"I didn't want to talk about power, it's a suggestion of importance and beauty," Italian designer Miuccia Prada explained to WWD about her Fall 2012 RTW collection.
Importance and beauty were both well accounted for- this was a Prada collection after all- but whether the designer acknowledged it, the collection was power personified.
The show opened with models- eyes kohl-smudged, eyebrows dyed neon, and two-tone hair iron-pressed straight and pulled back- cloaked in black wool coats, jackets, pants, and skirts. All black looks were given drama with giant geometric jewels cascading down the front and arms of coats and jackets, around the neckline, and anchoring the legs of pants. Next came a blast of colors and prints; the runway was now populated by suits, coats, and skirts in mustard, olive, rustic orange, and purple. Always one to push it even further, Miuccia Prada arranged these colors in David Hick-esque geometric prints, and like the black looks that preceded, these eye-catching looks were also embellished with strategically placed over-sized jewels.

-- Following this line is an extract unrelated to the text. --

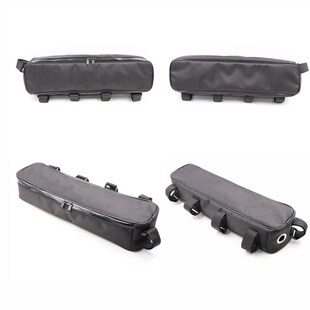 Bicycle Bike Tube Frame Bag Battery Controller Bike Bag Batt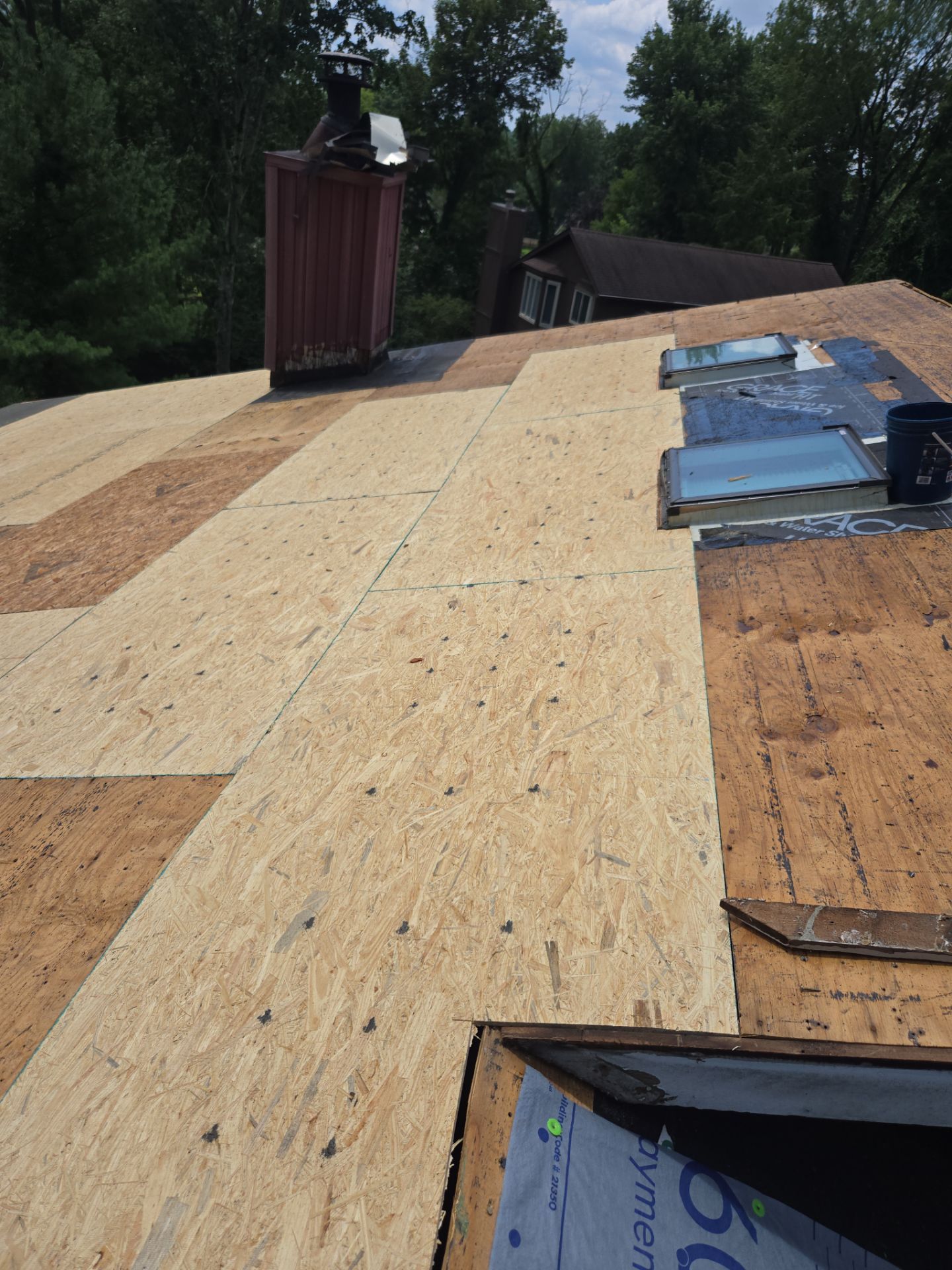 Atlas Pinnacle, Color, Black Shadow, Drip Edge, Color, Black by Eagle Eye Roofing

Colors and prints were not the only powerful features of this collection; the silhouettes spoke volumes, literally. Coats were over-sized with belts cinching high above the waist to create long, distorted, proportions. Pants were all cropped above the ankle, adding more length to the already statuesque models. The styling also brought to light a new manifestation of power, that of androgyny and precision. All looks featured severely cut pants, coats were more like manipulated menswear than ladylike, shirts and jackets were buttoned all the way up, and pieces that did not have buttons failed to show any cleavage.
The accessories, the bread-and-butter of Prada, were plenty and most likely near the top of every fashion lovers list. Every model held a bag, from small rectangular clutches to large bejeweled doctor's carryalls. Shoes came in two flavors, platform Mary Janes or masculine Oxfords, most featured a thick lacquered contrast paint, or were draped in satin and then bejeweled. Glasses with vintage round frames and broad belts rounded out the accessories.
It's almost ironic that Mrs. Prada did not want to talk power, with an exhibition opening this spring in her honor at The Metropolitan Museum of Art and being named one of Forbe's "World's Most Powerful Women," there are only a few people in fashion with more power than her.